Salinger, the legendary author of the 1951 Great American Novel ‘Catcher In the Rye’, died on Thursday at his enclosed home in Cornish, N.H. He was 91. Although he eagerly sought recognition in his college and early writing years, Salinger shied away from the fame that came with ‘Catcher’. The novel was immediately recognized as a classic and has sold over 65million copies hence and an additional quarter million in the U.S. market alone (sales should spike with his death). Like his immortal character Holden Caulfield, Salinger was bothered by what he saw as phonies all around him and felt unmade for the world. Like Holden, Salinger was also very ambiguous. After 1965, he never published again and eventually built 6-1/2foot fence around his estate to keep people away. He spent the rest of his life enclosed at home making news whenever he legally stopped someone from writing unauthorized biographies and sequels to ‘Catcher’ along with rejecting Hollywood offers to adopt ‘Catcher’. But he never stopped writing. As he told The New York Times in the ’70s: “There is a marvelous peace in not publishing. Publishing is a terrible invasion of my privacy. I like to write. I love to write. But I write just for myself and my own pleasure.”
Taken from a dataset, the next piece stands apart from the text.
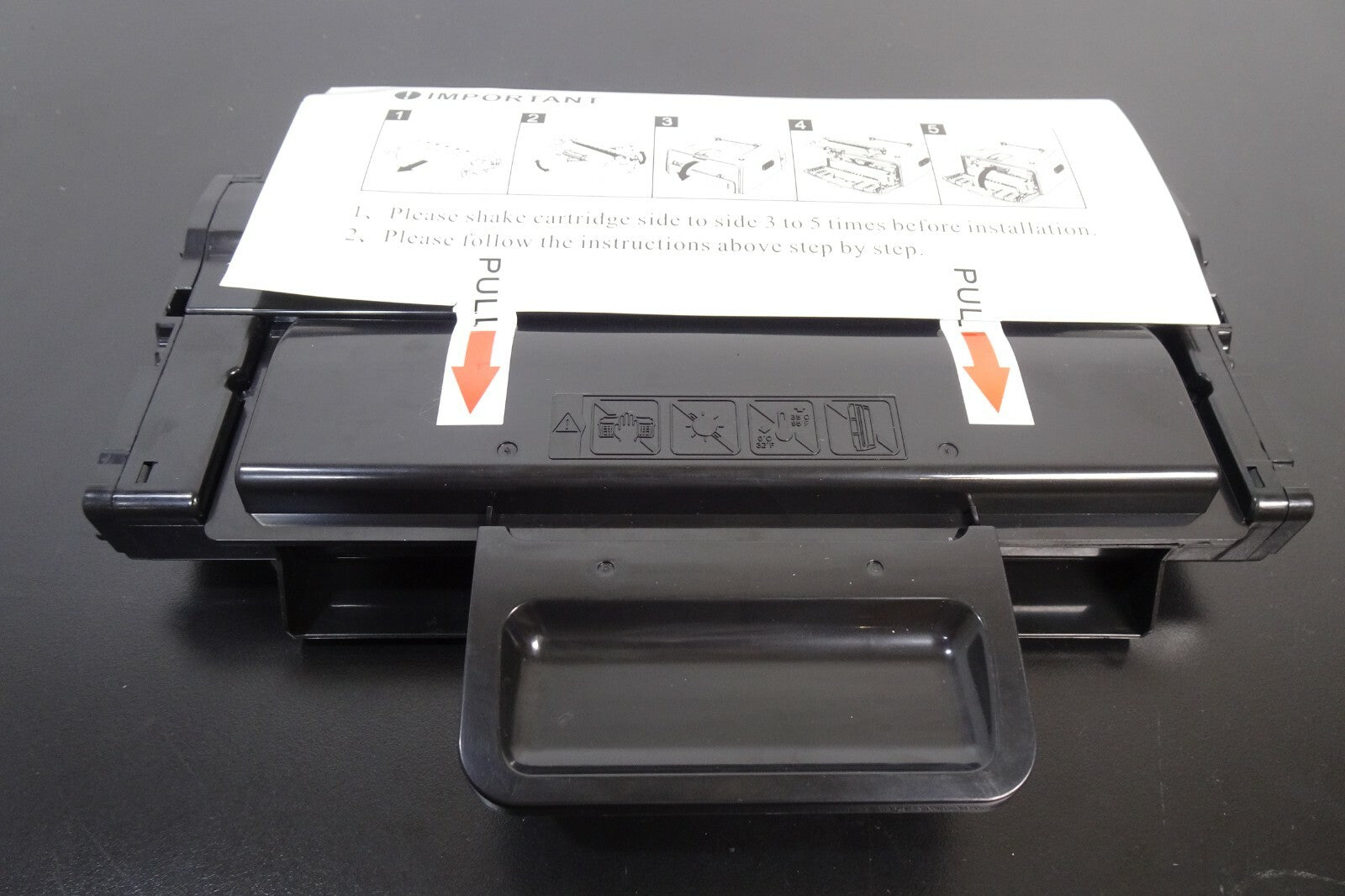 HP Black Toner Cartridge 106R013743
There is a rumor that Salinger had written an unpublished sequel to ‘Catcher’ which will only be released upon his death and that this is just one of numerous books and other writings vaulted away. Will his death bring them finally to the public? And, if so, do we really want to read them?:

Is there literary gold in J.D. Salinger’s safe?

Maybe, maybe not.

The famously reclusive author of “The Catcher in the Rye,” who died Wednesday at 91, was said to stack unpublished manuscripts in the safe of his home in Cornish, N.H.

But Salinger’s camp won’t say if that’s true, according to the Associated Press, which checked with key folks connected to the author.

His literary representative, Phyllis Westberg of Harold Ober Associates, Inc., refused comment, according to the AP.

Marcia B. Paul, a lawyer who represented Salinger’s interests in a recent suit, wouldn’t take the AP’s call.

His publisher, Little Brown & Co., said a new Salinger book isn’t in the works.

His son, Michael, referred questions to Westberg.

But a neighbor of Salinger’s, who retreated to Cornish not long after the 1951 publication of “Catcher,” said in 1999 the author told him years before that he had locked at least 15 manuscripts in the safe.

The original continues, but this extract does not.